▶ _Task objective_:
Reproduce every line below exactly as written; do not include the images.

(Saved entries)
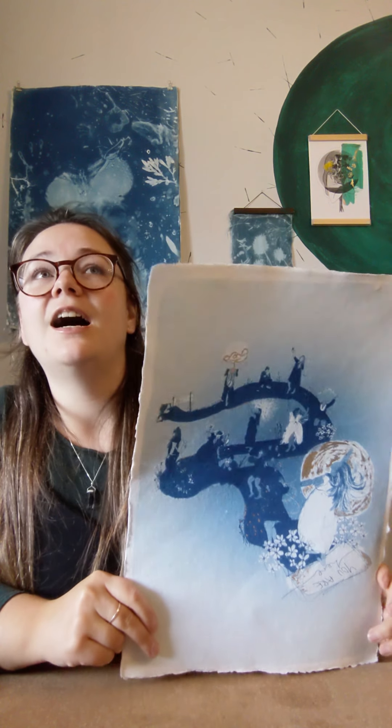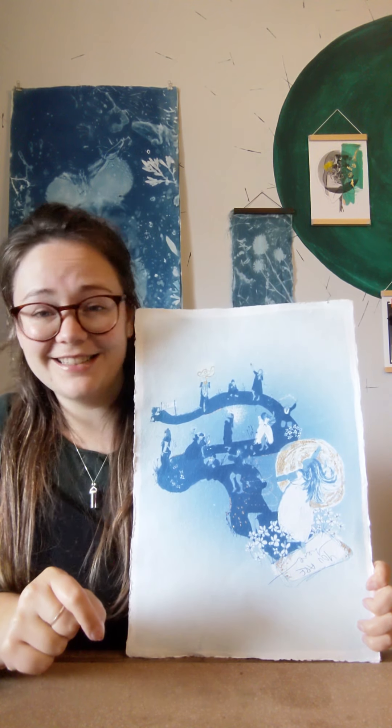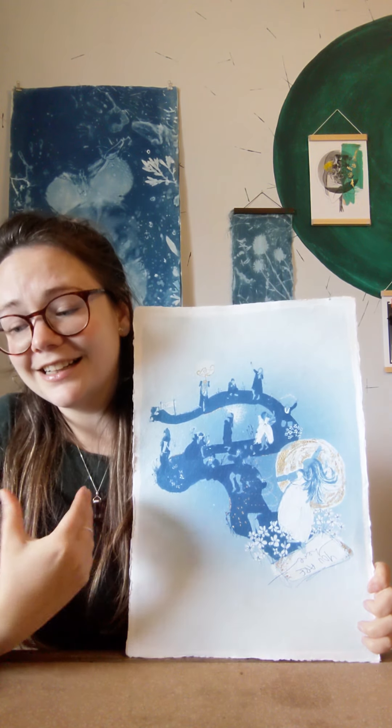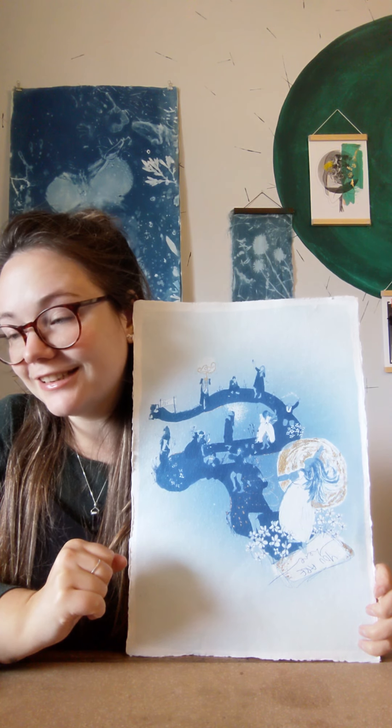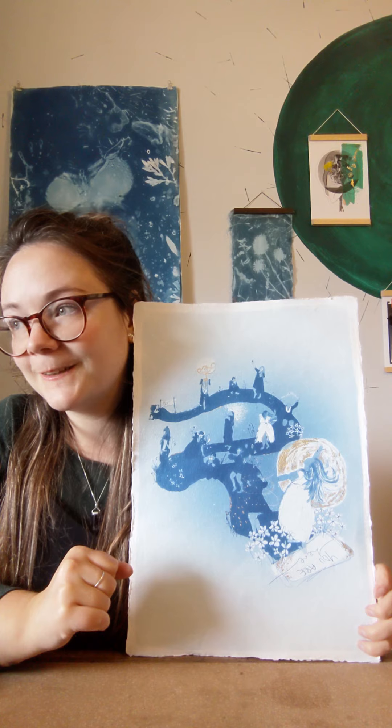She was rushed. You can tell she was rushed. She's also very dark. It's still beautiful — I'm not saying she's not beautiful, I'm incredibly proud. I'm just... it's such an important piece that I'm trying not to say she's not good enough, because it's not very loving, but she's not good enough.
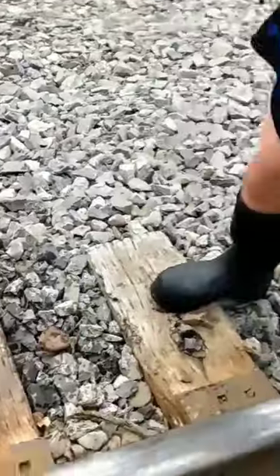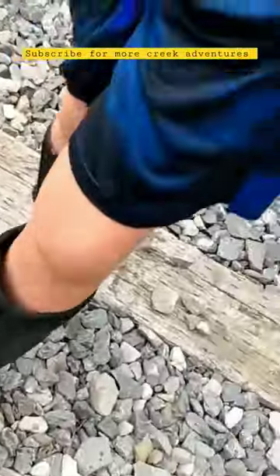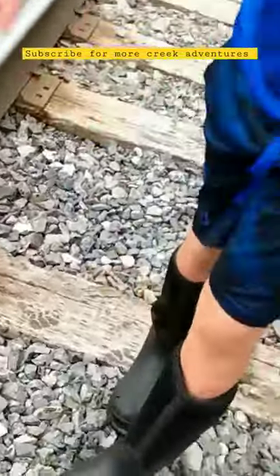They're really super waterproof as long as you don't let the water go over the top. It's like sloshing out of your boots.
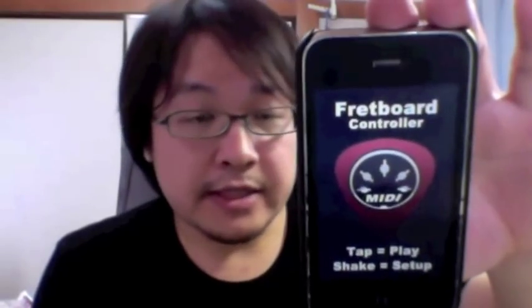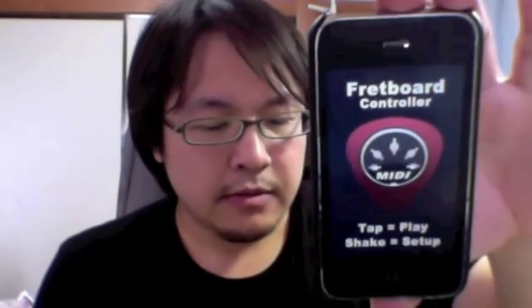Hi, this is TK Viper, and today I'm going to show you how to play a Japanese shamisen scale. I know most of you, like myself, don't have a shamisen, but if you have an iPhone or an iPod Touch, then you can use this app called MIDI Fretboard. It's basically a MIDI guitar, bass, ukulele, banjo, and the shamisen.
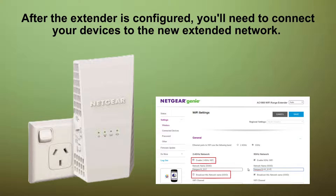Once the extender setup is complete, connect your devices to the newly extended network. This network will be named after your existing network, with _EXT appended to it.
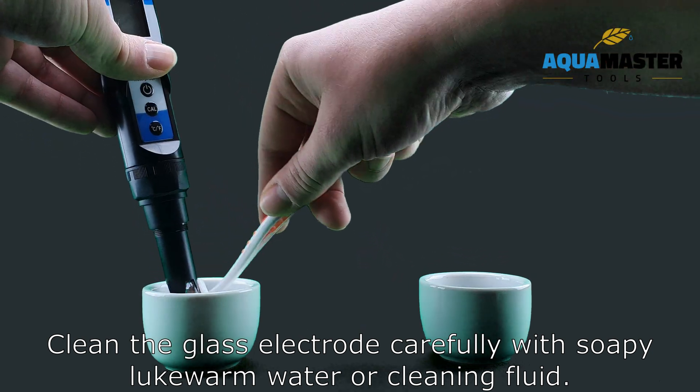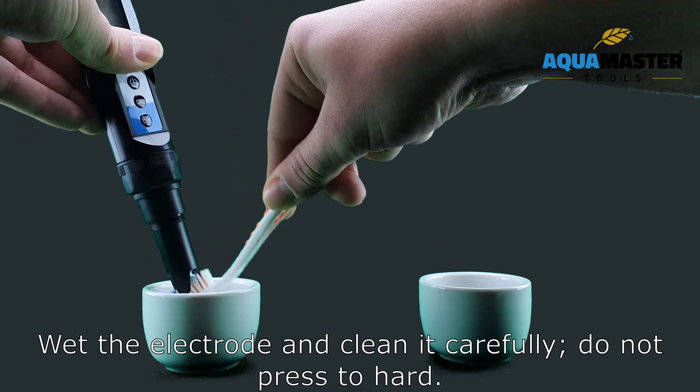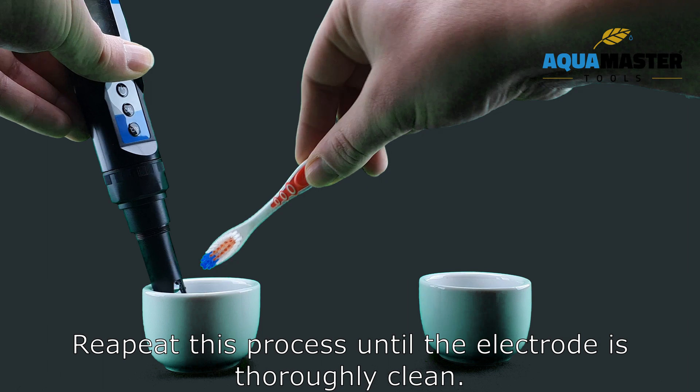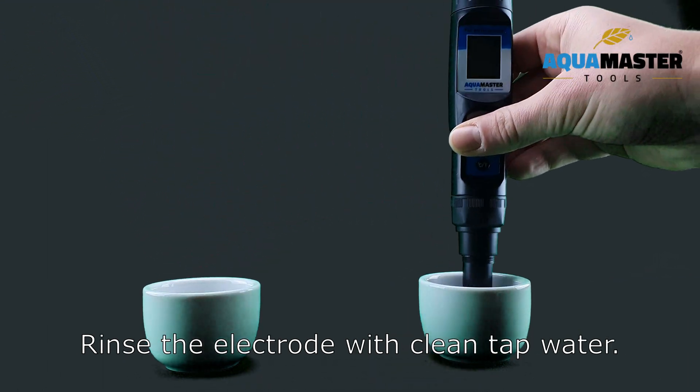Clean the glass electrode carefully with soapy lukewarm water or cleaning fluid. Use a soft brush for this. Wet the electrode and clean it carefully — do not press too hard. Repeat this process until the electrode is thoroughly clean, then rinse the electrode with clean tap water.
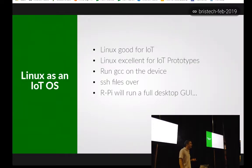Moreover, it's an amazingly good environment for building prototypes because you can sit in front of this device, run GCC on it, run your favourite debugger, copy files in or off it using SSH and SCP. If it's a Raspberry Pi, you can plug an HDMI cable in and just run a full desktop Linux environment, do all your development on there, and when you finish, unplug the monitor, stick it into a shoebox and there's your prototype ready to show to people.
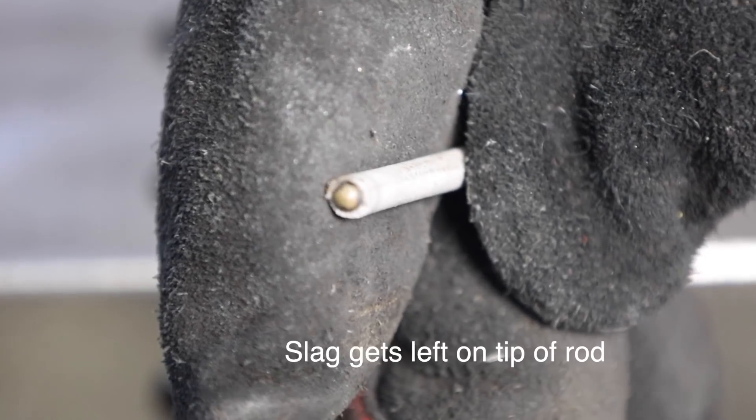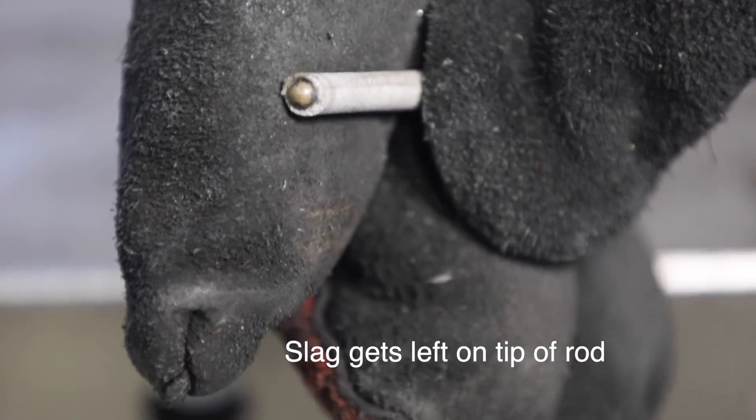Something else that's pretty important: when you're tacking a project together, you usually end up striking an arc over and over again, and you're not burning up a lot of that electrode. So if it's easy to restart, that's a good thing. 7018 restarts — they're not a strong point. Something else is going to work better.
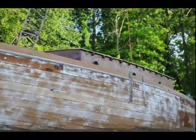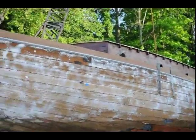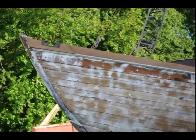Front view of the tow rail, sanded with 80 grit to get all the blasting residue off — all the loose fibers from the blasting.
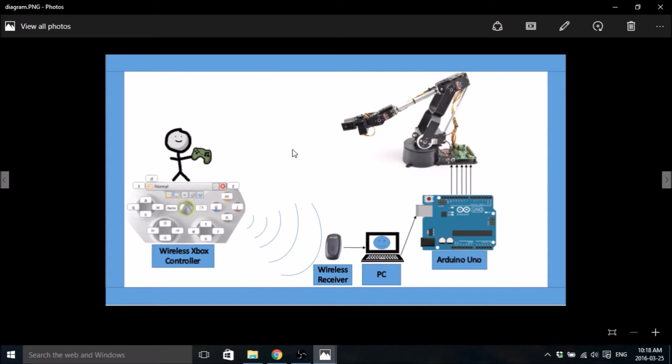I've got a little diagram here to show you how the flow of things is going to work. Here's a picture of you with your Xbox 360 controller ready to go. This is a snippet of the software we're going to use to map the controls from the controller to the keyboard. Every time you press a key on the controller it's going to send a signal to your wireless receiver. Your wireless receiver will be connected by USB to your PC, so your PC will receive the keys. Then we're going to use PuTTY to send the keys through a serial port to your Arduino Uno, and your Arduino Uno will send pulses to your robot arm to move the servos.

▶ _Answer to the exercise_:
She was rushed. You can tell she was rushed. She's also very dark. It's still beautiful — I'm not saying she's not beautiful, I'm incredibly proud. I'm just... it's such an important piece that I'm trying not to say she's not good enough, because it's not very loving, but she's not good enough.
They're really super waterproof as long as you don't let the water go over the top. It's like sloshing out of your boots.
Hi, this is TK Viper, and today I'm going to show you how to play a Japanese shamisen scale. I know most of you, like myself, don't have a shamisen, but if you have an iPhone or an iPod Touch, then you can use this app called MIDI Fretboard. It's basically a MIDI guitar, bass, ukulele, banjo, and the shamisen.
Once the extender setup is complete, connect your devices to the newly extended network. This network will be named after your existing network, with _EXT appended to it.
Clean the glass electrode carefully with soapy lukewarm water or cleaning fluid. Use a soft brush for this. Wet the electrode and clean it carefully — do not press too hard. Repeat this process until the electrode is thoroughly clean, then rinse the electrode with clean tap water.
Moreover, it's an amazingly good environment for building prototypes because you can sit in front of this device, run GCC on it, run your favourite debugger, copy files in or off it using SSH and SCP. If it's a Raspberry Pi, you can plug an HDMI cable in and just run a full desktop Linux environment, do all your development on there, and when you finish, unplug the monitor, stick it into a shoebox and there's your prototype ready to show to people.
Something else that's pretty important: when you're tacking a project together, you usually end up striking an arc over and over again, and you're not burning up a lot of that electrode. So if it's easy to restart, that's a good thing. 7018 restarts — they're not a strong point. Something else is going to work better.
Front view of the tow rail, sanded with 80 grit to get all the blasting residue off — all the loose fibers from the blasting.
I've got a little diagram here to show you how the flow of things is going to work. Here's a picture of you with your Xbox 360 controller ready to go. This is a snippet of the software we're going to use to map the controls from the controller to the keyboard. Every time you press a key on the controller it's going to send a signal to your wireless receiver. Your wireless receiver will be connected by USB to your PC, so your PC will receive the keys. Then we're going to use PuTTY to send the keys through a serial port to your Arduino Uno, and your Arduino Uno will send pulses to your robot arm to move the servos.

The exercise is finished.